**Work order:** Find the line with "The spymistress cover image" in the data below. Repeat it and every line after it up to the end, exactly, but drop the pictures.
Top of Collected material
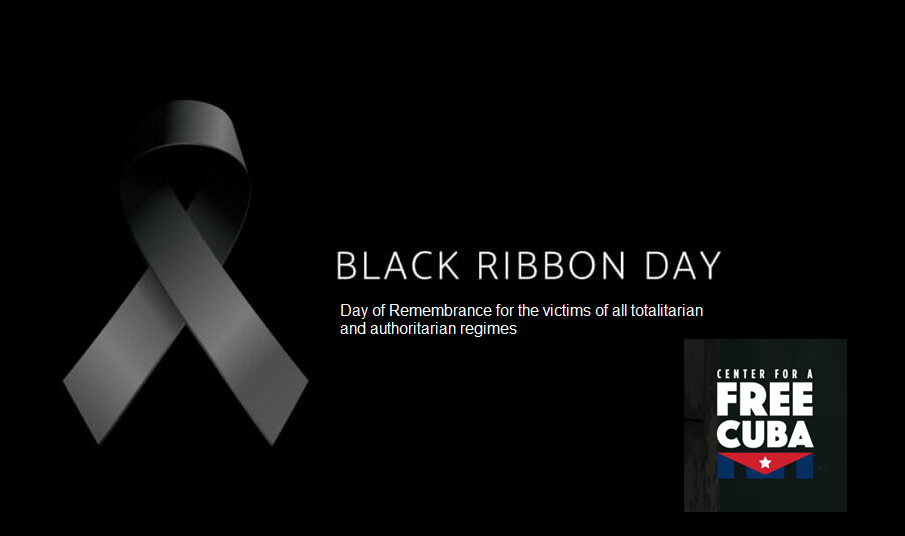 Black Ribbon Day: History, significance and facts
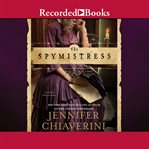 The spymistress cover image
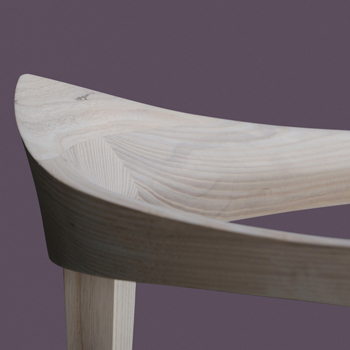 Lineground Dining Chair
Bottom of Collected material
**Response for this exercise:**
 The spymistress cover image
 Lineground Dining Chair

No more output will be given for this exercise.